|
Combining Multiple Correlated Reward and Shaping Signals by Measuring Confidence Host Publication: 28th AAAI Conference on Artificial Intelligence (AAAI-14) Authors: T. Brys, A. Nowé, D. Kudenko and M. Taylor Publisher: AAAI Publication Year: 2014 Number of Pages: 7 ISBN: 78-1-57735-679-0
Abstract: Multi-objective problems with correlated objectives are a class of problems that deserve specific attention. In contrast to typical multi-objective problems, they do not require the identification of trade-offs between the objectives, as (near-) optimal solutions for any objective are (near-) optimal for every objective.
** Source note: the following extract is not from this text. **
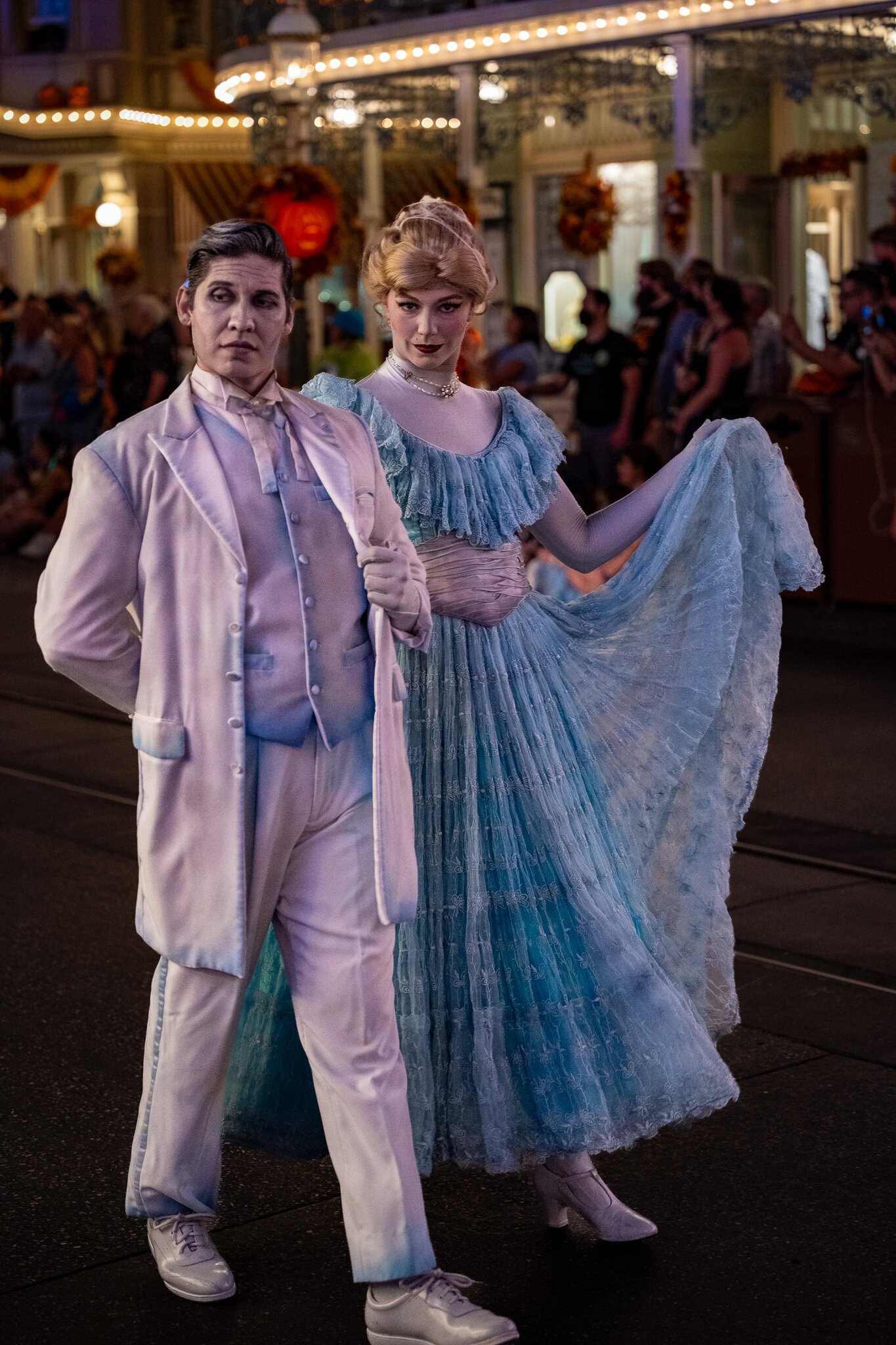 Ghostly Dancers at Halloween Parade Ghost dancers in elegant attire at Boo-to-You Parade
Intelligently combining the feedback from these objectives, instead of only looking at a single one, can improve optimization. This class of problems is very relevant in reinforcement learning, as any single-objective reinforcement learning problem can be framed as such a multi-objective problem using multiple reward shaping functions. After discussing this problem class, we propose a solution technique for such reinforcement learning problems, called adaptive objective selection. This technique makes a temporal difference learner estimate the Q-function for each objective in parallel, and introduces a way of measuring confidence in these estimates. This confidence metric is then used to choose which objective's estimates to use for action selection. We show significant improvements in performance over other plausible techniques on two problem domains. Finally, we provide an intuitive analysis of the technique's decisions, yielding insights into the nature of the problems being solved.
|
|